The processor 1100 may be a central processing unit (CPU) or a semiconductor device that processes instructions stored in the memory 1300 and/or the storage 1600. The memory 1300 and the storage 1600 may include various types of volatile or non-volatile storage media. For example, the memory 1300 may include a read only memory (ROM) 1310 and a random access memory (RAM) 1320.

Thus, the operations of the method or the algorithm described in connection with the embodiments disclosed herein may be embodied directly in hardware or a software module executed by the processor 1100, or in a combination thereof. The software module may reside on a storage medium (that is, the memory 1300 and/or the storage 1600) such as a RAM, a flash memory, a ROM, an EPROM, an EEPROM, a register, a hard disc, a removable disk, and a CD-ROM.

The exemplary storage medium may be coupled to the processor 1100. The processor 1100 may read out information from the storage medium and may write information in the storage medium. Alternatively, the storage medium may be integrated with the processor 1100. The processor and the storage medium may reside in an application specific integrated circuit (ASIC). The ASIC may reside within a user terminal. In another case, the processor and the storage medium may reside in the user terminal as separate components.

The present disclosure may generate a virtual joint image using a joint location value and a joint prediction value and may identify a correlation between joints using joint arrangement according to a body part of the person and a lightweight artificial intelligence learning model, thus assisting in more efficiently performing motion recognition of the person for the robot.

In addition, various effects ascertained directly or indirectly through the present disclosure may be provided.

Hereinabove, although the present disclosure has been described with reference to example embodiments and the accompanying drawings, the present disclosure is not limited thereto, but may be variously modified and altered by those skilled in the art to which the present disclosure pertains without departing from the spirit and scope of the present disclosure claimed in the following claims.

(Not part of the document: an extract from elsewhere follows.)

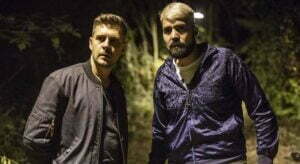 img_05112021_081912_800_x_437_pixel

Therefore, the example embodiments of the present disclosure are provided to explain the spirit and scope of the present disclosure, but not to limit them, so that the spirit and scope of the present disclosure is not limited by the embodiments. The scope of the present disclosure should be construed on the basis of the accompanying claims, and all the technical ideas within the scope equivalent to the claims should be included in the scope of the present disclosure.